ADF Solutions
- Industry: Digital forensics
- Founded: 2005
- Founder: J.J. Wallia Raphael Bousquet
- Headquarters: Reston, Virginia
- Website: adfsolutions.com

= ADF Solutions =

American digital forensics company

Advanced Digital Forensic Solutions, Inc. (ADF Solutions) is a company based in Reston, Virginia, that develops tools for scanning suspect computers and digital devices to locate and extract data, a process known as digital forensics. Digital forensic tools scan mobile phones, computers and digital devices to collect intelligence or evidence of a crime to identify computers that contain content relevant to an investigation.

Triage-G2 is a media exploitation (MEDEX) tool used on computers and peripheral devices. It is typically deployed on a USB device by military personnel working in the field. The USB devices, known as triage keys, can be prepared in advance or in the field by selecting specific search criteria. The users of this tool do not require significant technical computer skills. Triage-G2 is currently in use by several U.S. Defense and Intelligence agencies.

Digital Evidence Investigator is a forensic triage tool used on computers by forensic examiners in lab environments, or on location, to scan suspect devices and prioritize them for full examinations.

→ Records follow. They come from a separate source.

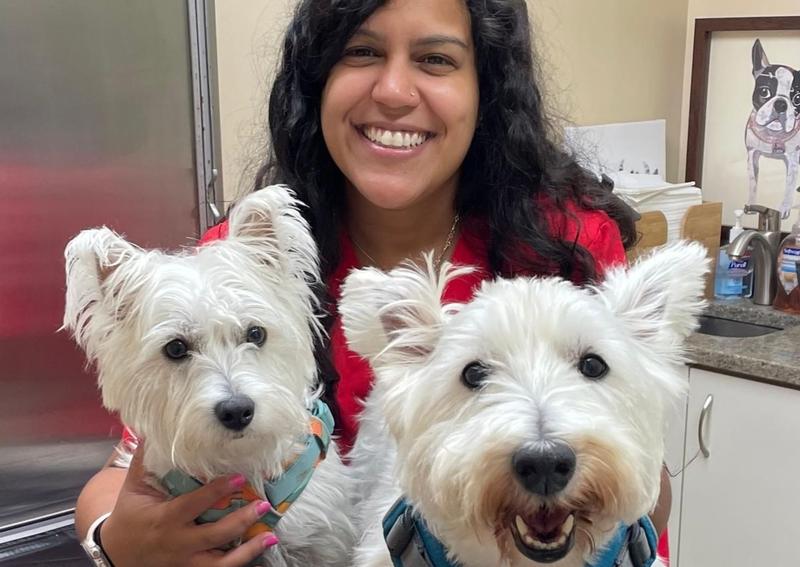 Cat care at High Ridge Animal Hospital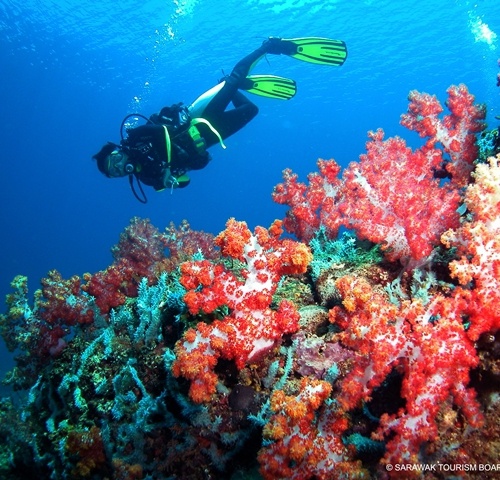 Discover the vibrant marine life at Miri-Sibuti Coral Reef National Park through snorkelling or diving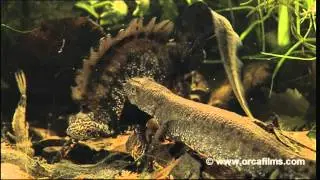 Liebestanz der Molche - Warty Newt in love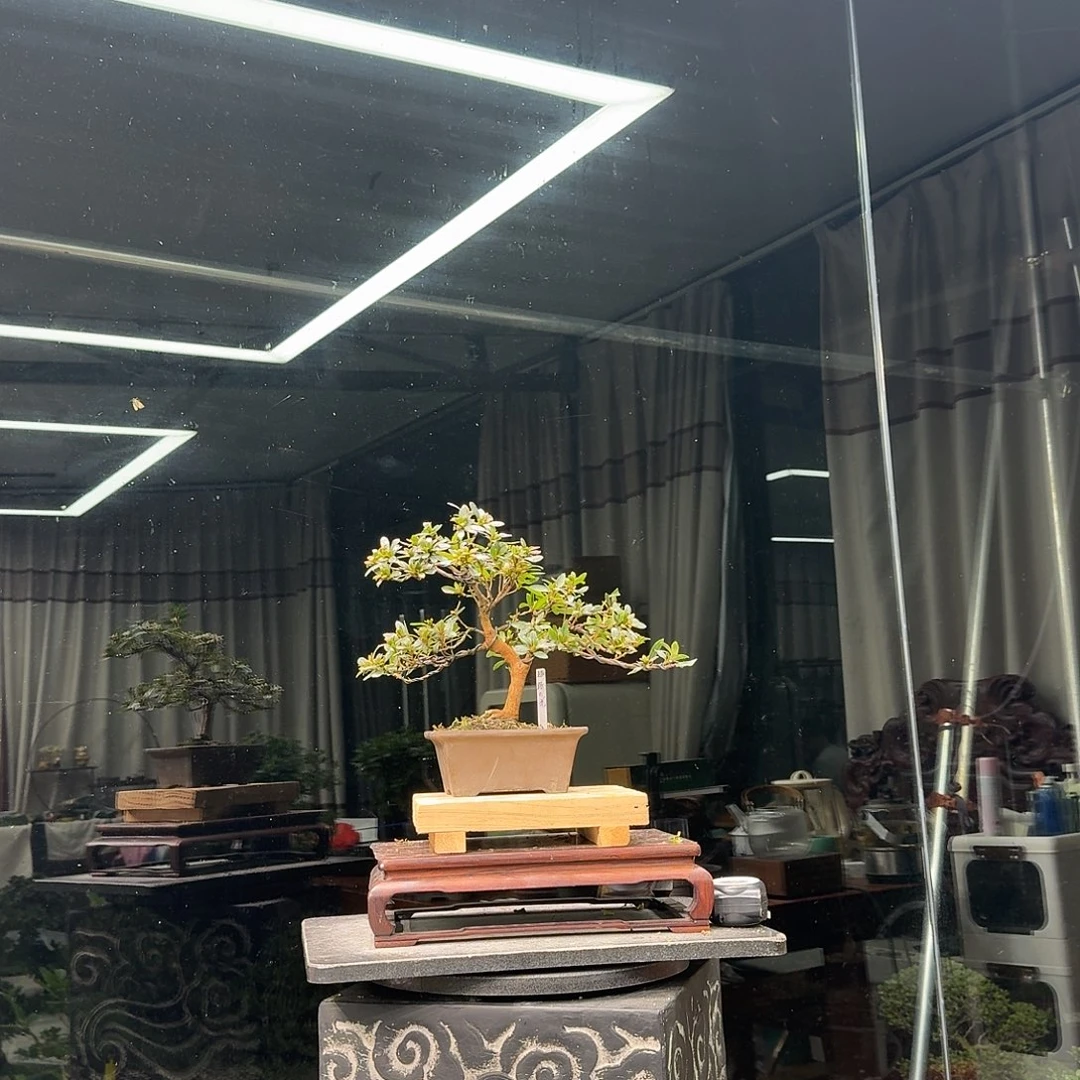 仓***哥无花朵花卉苗木花卉苗木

Digital Evidence Investigator is in use by law enforcement agencies worldwide.

==History==
ADF Solutions was founded in 2005 by J.J. Wallia and Raphael Bousquet with $100,000 from the Maryland Department of Business and Economic Development Challenge Program and a $75,000 loan from Maryland Technology Development Corp., as well as undisclosed private funding.

== Document and media exploitation ==
Document and media exploitation (DOMEX) is defined as the extraction, translation, and analysis of physical and digital documents and media to generate useful and timely information.